Shahriar served The Daily Ittefaq as its executive editor. He was the first editor of the Daily Sun and Chief Editor of Chittagong-based Daily People's View. He was Bangladesh correspondent of international news magazine Newsweek, Khaleej Times of Dubai, India's Daily Deccan Herald, The Indian Express and The Asian Age, Pakistan's Morning News, Dawn and Evening Star.

Before the 1971 independence of Bangladesh, he worked as a staff reporter in Karachi, Pakistan.

He was awarded the prestigious Harry Brittan Fellowship by the Commonwealth Press Union (CPU) in 1978. The five-month course included training on advance journalism, attachment to British newspaper Telegraph and Argus of Bradford and Oxford University's Elizabeth House.

Shahriar, who was known as a South Asian affairs analyst, wrote an innumerable number of in-depth and analytical reports on the politics of India, Pakistan, Nepal and Sri Lanka. He interviewed personalities including Indian Prime Ministers Indira Gandhi, P. V. Narasimha Rao, and Chandra Sekhar; Kashmiri leader Sheikh Abdullah; Pakistani leaders Zulfiqar Ali Bhutto, Ziaul Haq, Benazir Bhutto and Nawaz Sharif; Cambodian leader Prince Norodom Sihanouk, Japanese Prime Minister Toshiki Kaifu, Nobel laureate Mother Teresa and cricketer Imran Khan.
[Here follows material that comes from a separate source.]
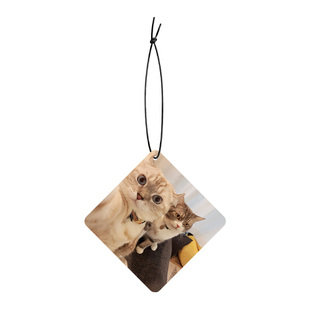 车载香片定制照片网红汽车香水片挂件车内香薰除异味装饰用品大全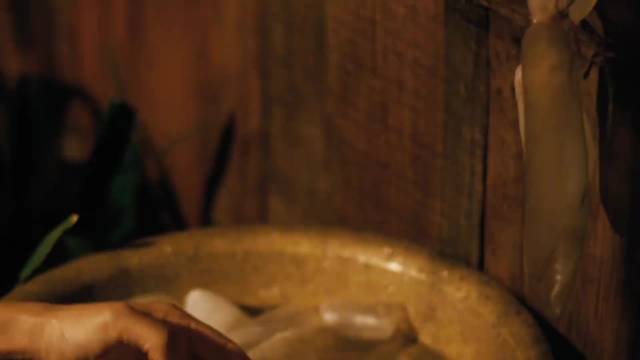 隐姓埋名的农民竟是一位高手电影解说甄子丹王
Shahriar was the International President Emeritus of the Toronto-based Commonwealth Journalists Association (CJA). He was the first journalist from Asia-Pacific to be elected as president of this organization in 2003. He was re-elected in 2008 and retired in 2012. He served as the vice-president of CJA from 1997 to 2003. He was also elected President of Bangladesh's National Press Club, the Overseas Correspondents Association Bangladesh (OCAB) and the South Asia Press Club Association (SAPCA) and the Commonwealth Journalists Association Bangladesh chapter.

Shahriar covered many national and international events, and attended seminars at home and abroad. He represented Bangladesh at many forums, including the United Nations General Assembly (UNGA) and the OIC Foreign Ministers' Conference at Sana'a, Yemen.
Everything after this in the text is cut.